Argonaut finds its golden fleece in Mexico

October was a busy month in Mexico for new Canadian producer Argonaut Gold (AR-V).

It turned out 16,884 oz. of the yellow metal this third quarter at its 100%-owned El Castillo gold mine in a 33% year-on-year increase, while expanding measured and indicated resources at its advanced-stage exploration La Colorada gold-silver property.

Third-quarter highlights at El Castillo included closing a deal with Argonaut’s mining contractor to expand the 100-tonne-truck mining fleet from 13 to 16, and putting the finishing touches on an agreement to extend surface rights by 1 sq. km on the property’s western side, 100 km north of Durango. This would bring El Castillo’s surface rights to nearly 14 sq. km. Argonaut also started an expansion program on the east side of the property. The west side crusher was disassembled and relocated to the east side,  creating a central crushing facility with a 500,000-tonne-per-month capacity. In October, Argonaut commissioned the east pad and the east side carbon plant. 

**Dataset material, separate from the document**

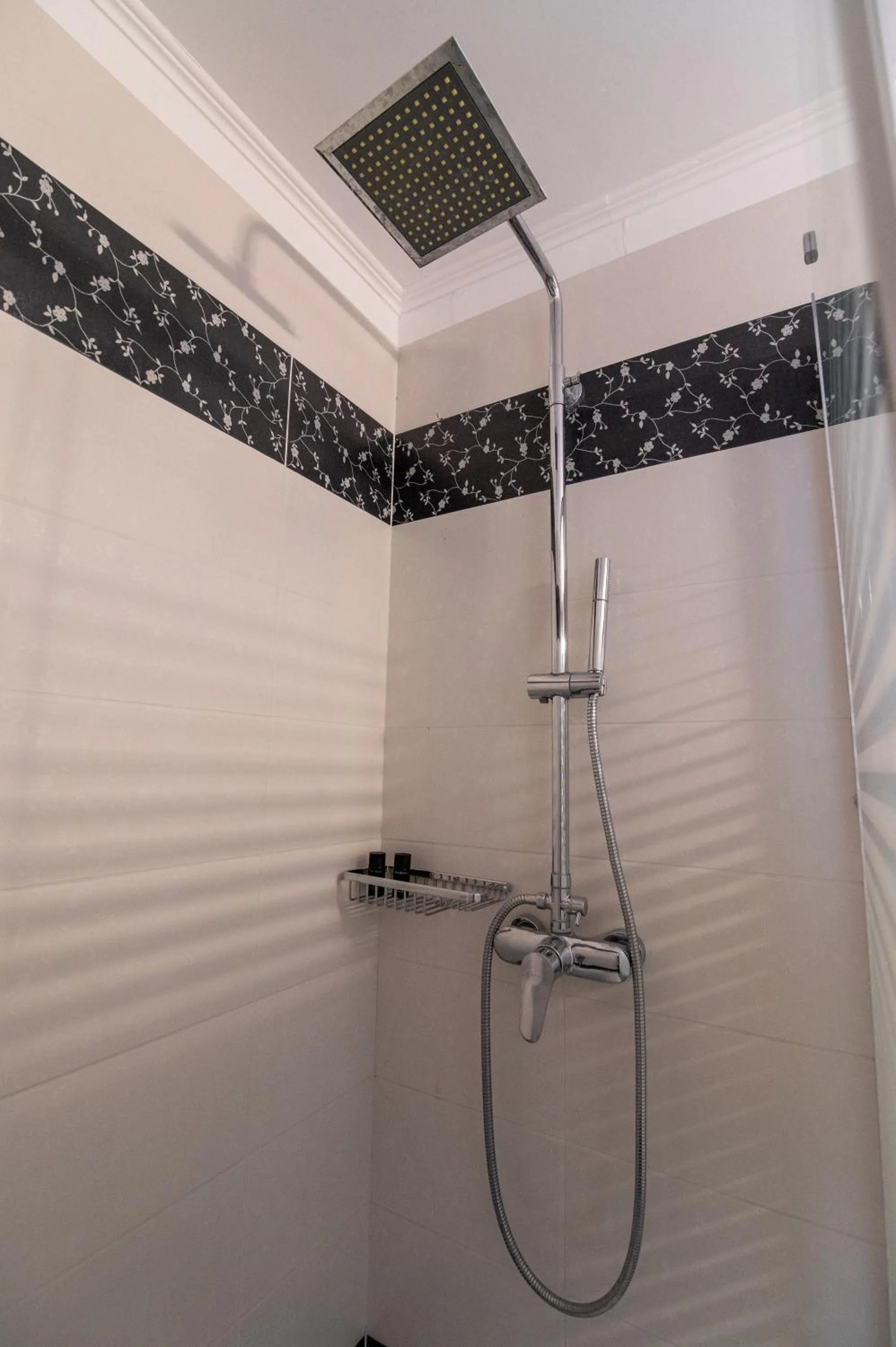 Double or Twin Room with Sea View in Elektra Hotel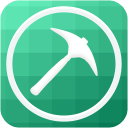 是疯人是疯人的重生是疯人院里的大褂是疯人院的日常是疯人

At La Colorada, a past-producing gold-silver mine property 40 km southeast of Hermosillo, Argonaut increased measured and indicated ounces by 76%, from 605,000 oz. gold to 1.1 million oz. gold at a 0.1 gram gold per tonne cut-off grade. The resource is contained within 50 million tonnes at an average grade of 0.66 gram gold per tonne and 8.7 grams silver.

Originally operated as a high-grade underground mine, La Colorada was closed in 1914 at the start of the Mexican Revolution. Between 1993 and 2000, Eldorado Gold (ELD-T, EGO-N, EGO-X) developed a bulk tonnage heap-leach operation there from several open pits. In late 2000 the operation was sold to a private owner in Mexico, who operated it until April 2002. 

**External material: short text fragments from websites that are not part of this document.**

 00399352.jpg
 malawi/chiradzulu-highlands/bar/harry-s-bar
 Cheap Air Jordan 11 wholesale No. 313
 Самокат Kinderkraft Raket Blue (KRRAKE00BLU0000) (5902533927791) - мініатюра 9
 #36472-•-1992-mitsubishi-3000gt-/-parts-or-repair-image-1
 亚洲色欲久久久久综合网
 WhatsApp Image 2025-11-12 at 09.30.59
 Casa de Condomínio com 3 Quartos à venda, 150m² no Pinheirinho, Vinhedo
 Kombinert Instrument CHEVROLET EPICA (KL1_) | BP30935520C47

Argonaut forecasts that this year’s gold production will reach between 70,000 oz. and 75,000 oz., at a cash cost of US$575 per oz. to US$600 per oz.

Canaccord Genuity initiated company coverage on Nov. 7, with a “buy” rating and a 12-month target price of $9.50 per share. At presstime Argonaut traded at $6.75 per share within a 52-week trading range of $3.70-$6.88.

Canaccord based its positive rating on a combination of factors, including the company’s management team, organic growth profile, asset portfolio and valuation.

Argonaut is headed by Peter Dougherty, who served as vice-president of finance and chief financial officer at Meridian Gold from 2002 to 2007, while Edgar Smith, Argonaut’s chief operating officer, was Meridian’s vice-president of operations between 2003 and 2007. Argonaut’s chairman, Brian Kennedy, was Meridian’s president and chief executive officer from June 1996 to December 2006.

“The management team is known for its successful track record with Meridian Gold, a stock that commanded one of the highest valuation premiums in the sector, before being sold to Yamana Gold for three-and-a-half billion dollars,” Canaccord wrote in its publication, Precious Metals Weekly

The brokerage also said Argonaut “offers one of the most attractive growth profiles in the sector, with an estimated two hundred fifty percent growth in production to two hundred fifty thousand ounces of gold by 2015, from seventy thousand ounces of gold this year, driven by the expansion at El Castillo . . . [and assumed 2012] production from La Colorada and [assumed 2014 production from] San Antonio.”

Canaccord added that the company’s relatively low-grade assets “have robust economics,” and that Argonaut “could exit 2016 with close to its current market capitalization in cash [while] operating three mines capable of generating one hundred fifty million dollars in annual sustainable free cash flow.”

This figure translates into a 23% sustainable net free cash flow yield at $1,500 per oz. gold.